_ASSIGNED TASK_
Using the data below, reproduce exactly the lines from the line with "Aerial view of" to the line with "Gorgeous fluffy 48x32", both included; pictures must be dropped.
┌─ RECORDS PROVIDED
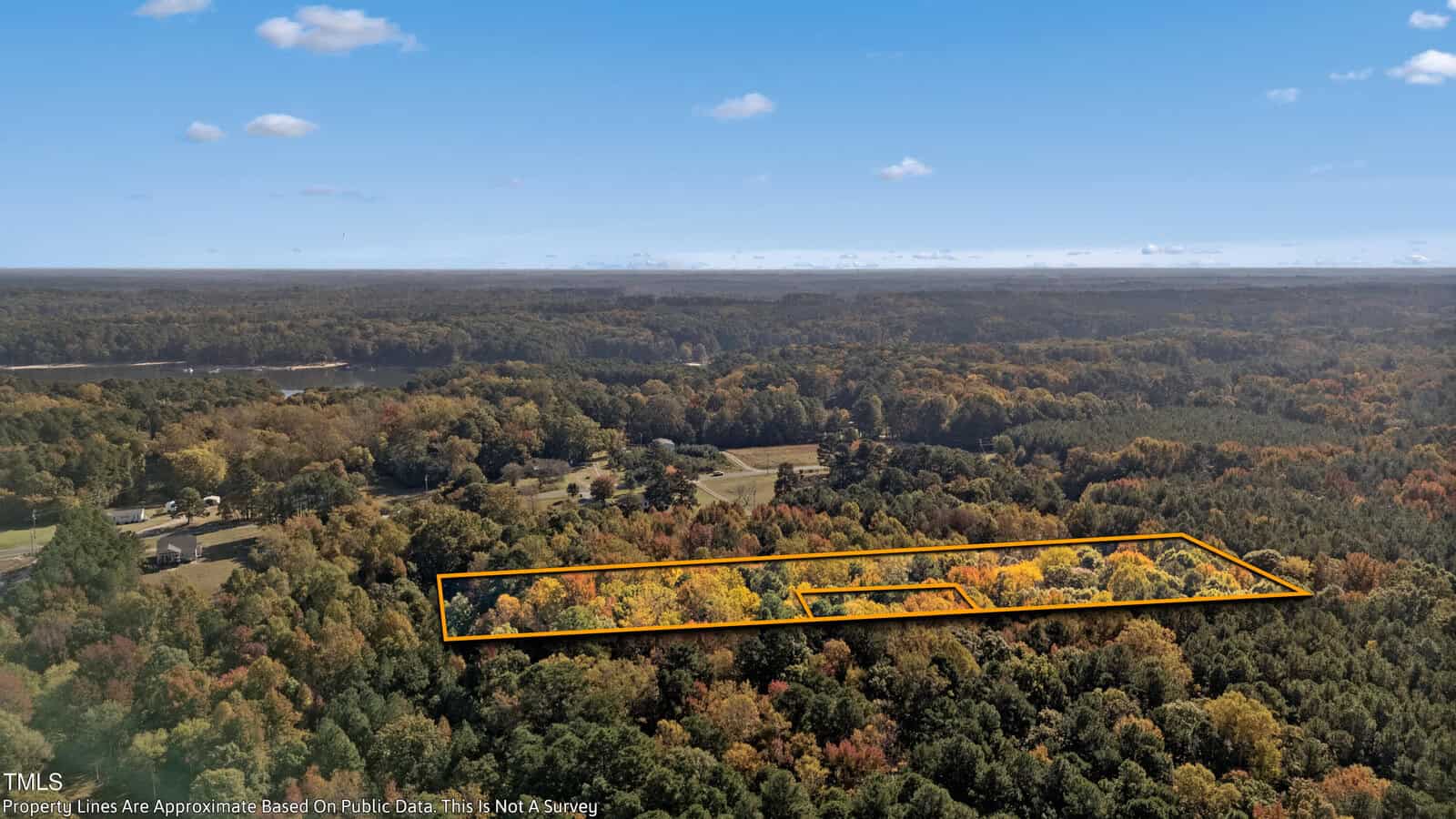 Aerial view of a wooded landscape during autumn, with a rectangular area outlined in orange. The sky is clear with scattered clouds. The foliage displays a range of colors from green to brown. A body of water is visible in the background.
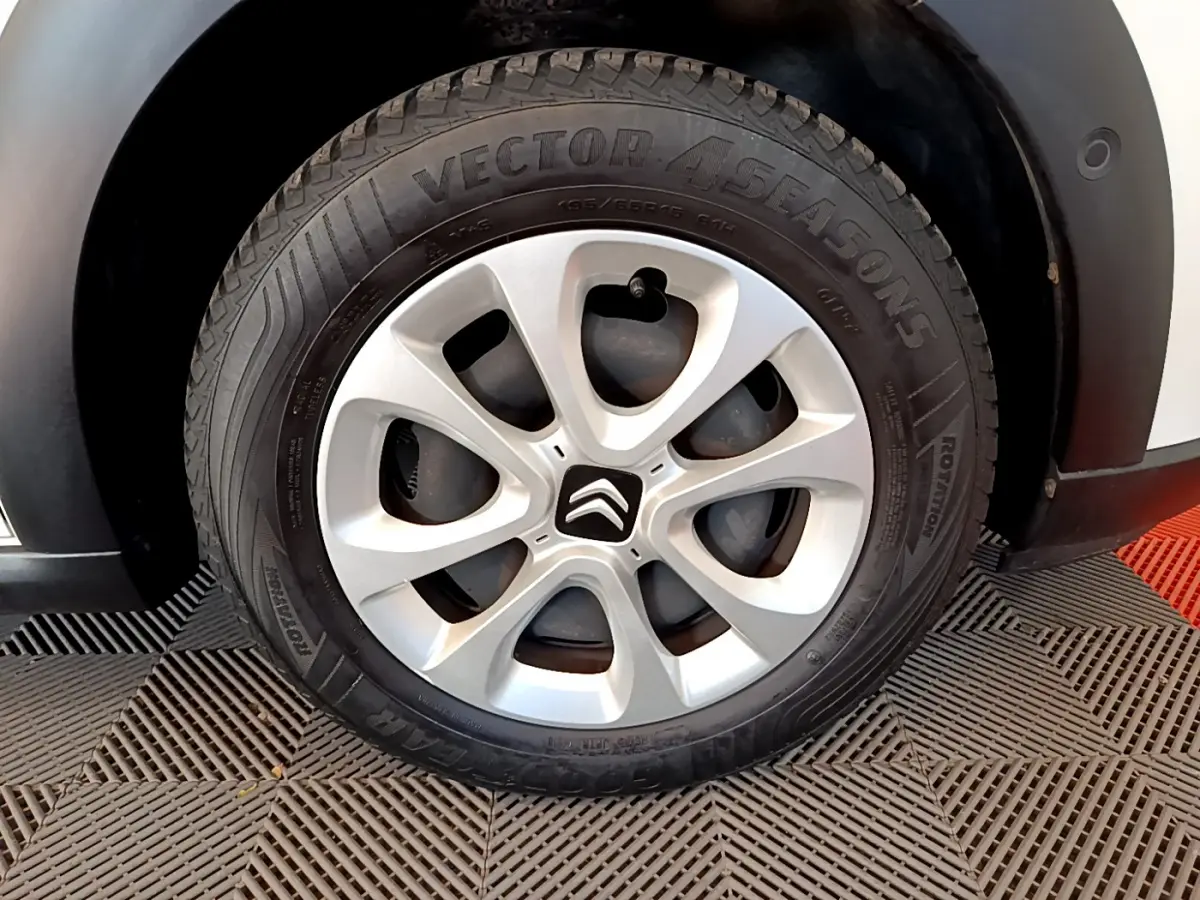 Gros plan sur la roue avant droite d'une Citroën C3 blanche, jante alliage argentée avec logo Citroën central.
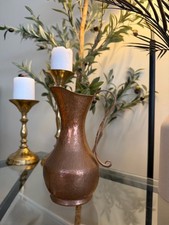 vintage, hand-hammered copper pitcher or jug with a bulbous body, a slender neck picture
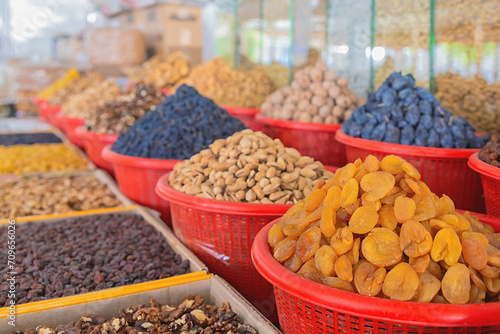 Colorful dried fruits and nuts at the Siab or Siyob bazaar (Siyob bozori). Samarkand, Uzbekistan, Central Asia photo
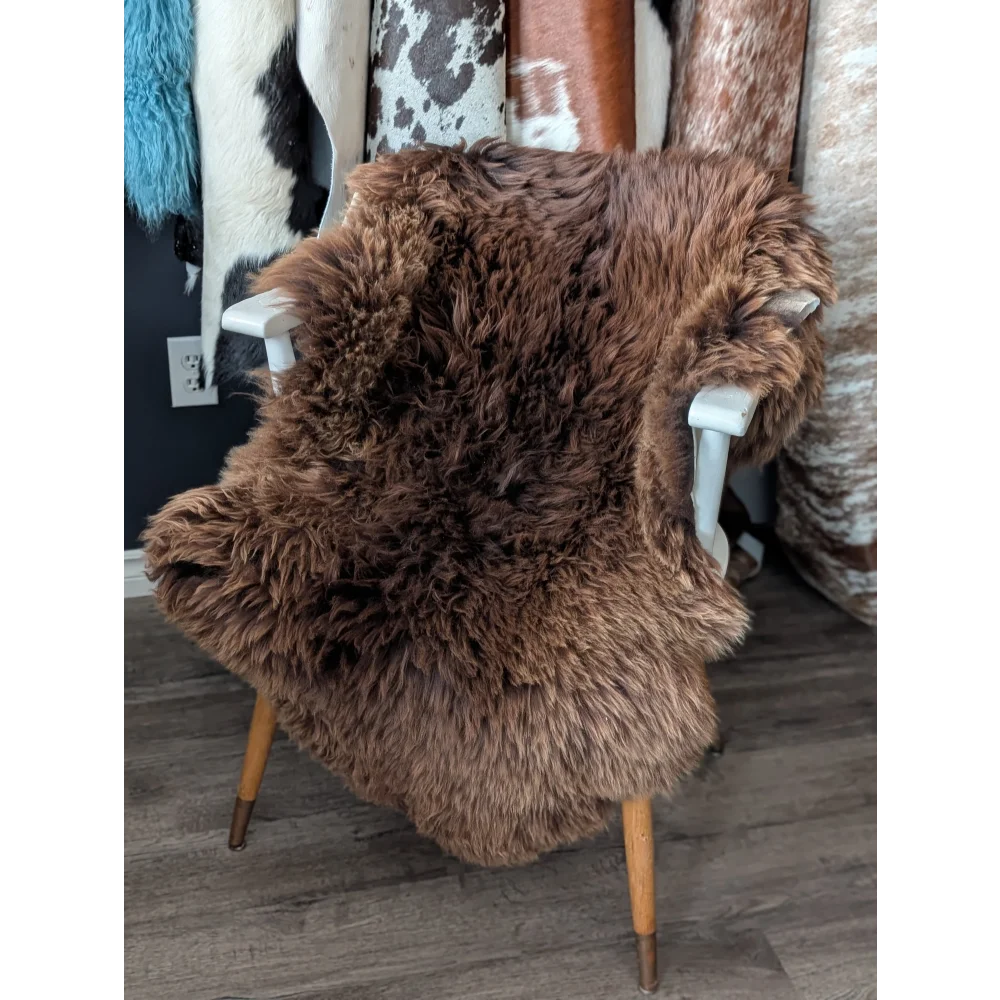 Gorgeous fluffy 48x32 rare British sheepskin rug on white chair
└─
┌─ RECORDS PROVIDED
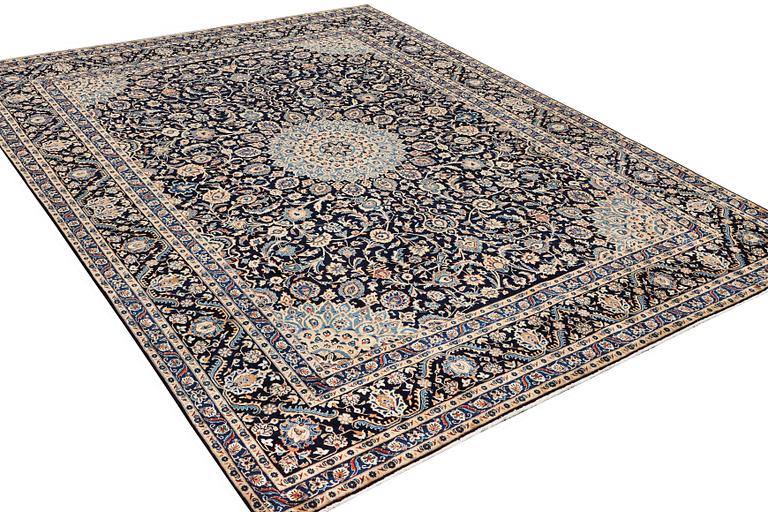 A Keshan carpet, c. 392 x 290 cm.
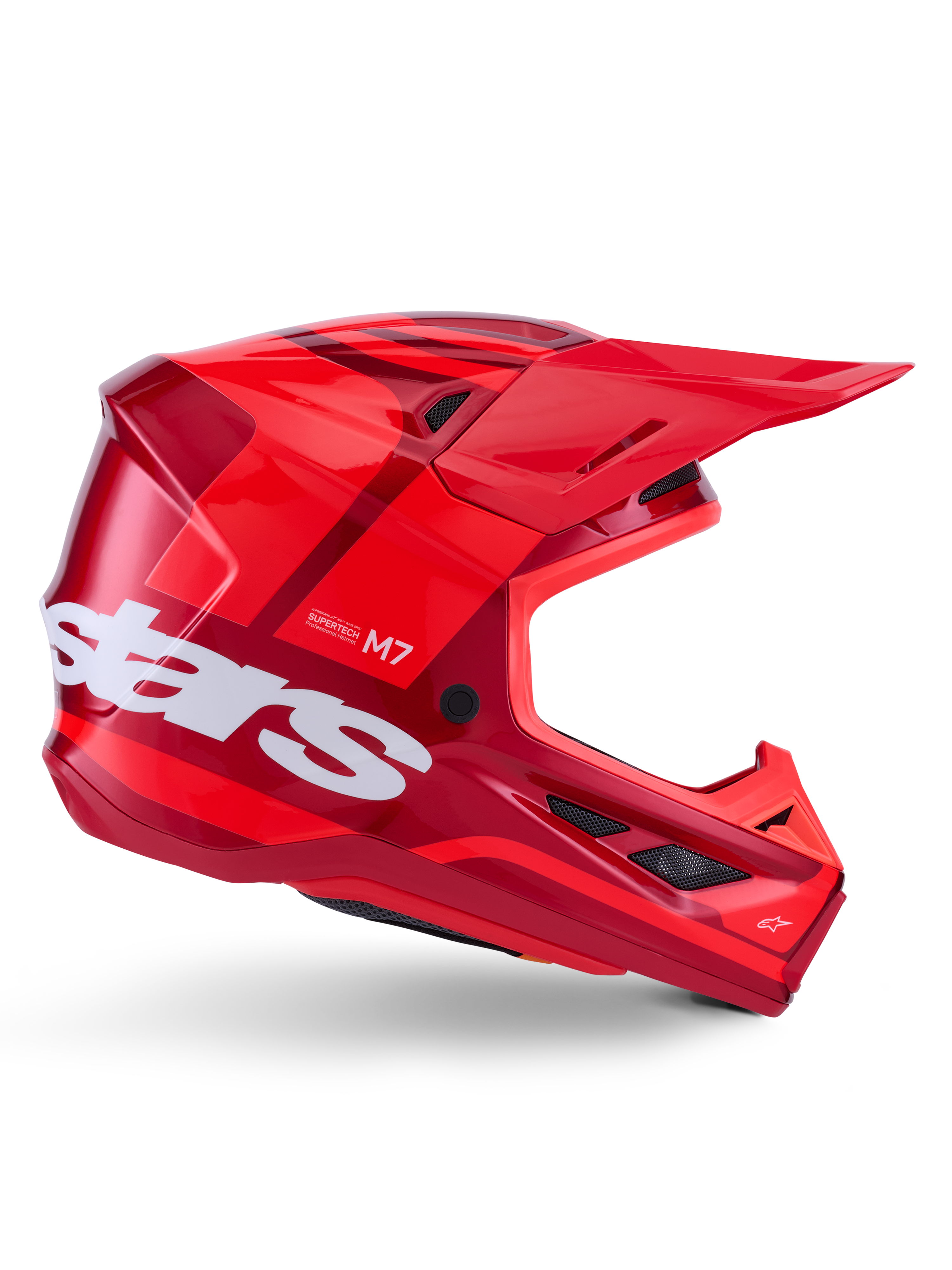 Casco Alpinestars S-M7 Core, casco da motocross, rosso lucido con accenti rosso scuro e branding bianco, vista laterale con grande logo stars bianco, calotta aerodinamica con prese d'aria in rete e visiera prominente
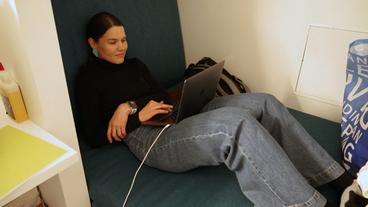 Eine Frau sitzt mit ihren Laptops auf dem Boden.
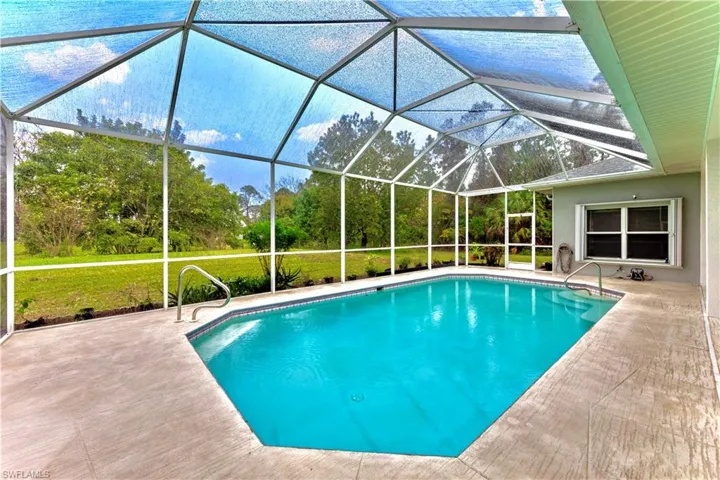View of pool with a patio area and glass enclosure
└─
_YOUR RESPONSE_
 Aerial view of a wooded landscape during autumn, with a rectangular area outlined in orange. The sky is clear with scattered clouds. The foliage displays a range of colors from green to brown. A body of water is visible in the background.
 Gros plan sur la roue avant droite d'une Citroën C3 blanche, jante alliage argentée avec logo Citroën central.
 vintage, hand-hammered copper pitcher or jug with a bulbous body, a slender neck picture
 Colorful dried fruits and nuts at the Siab or Siyob bazaar (Siyob bozori). Samarkand, Uzbekistan, Central Asia photo
 Gorgeous fluffy 48x32 rare British sheepskin rug on white chair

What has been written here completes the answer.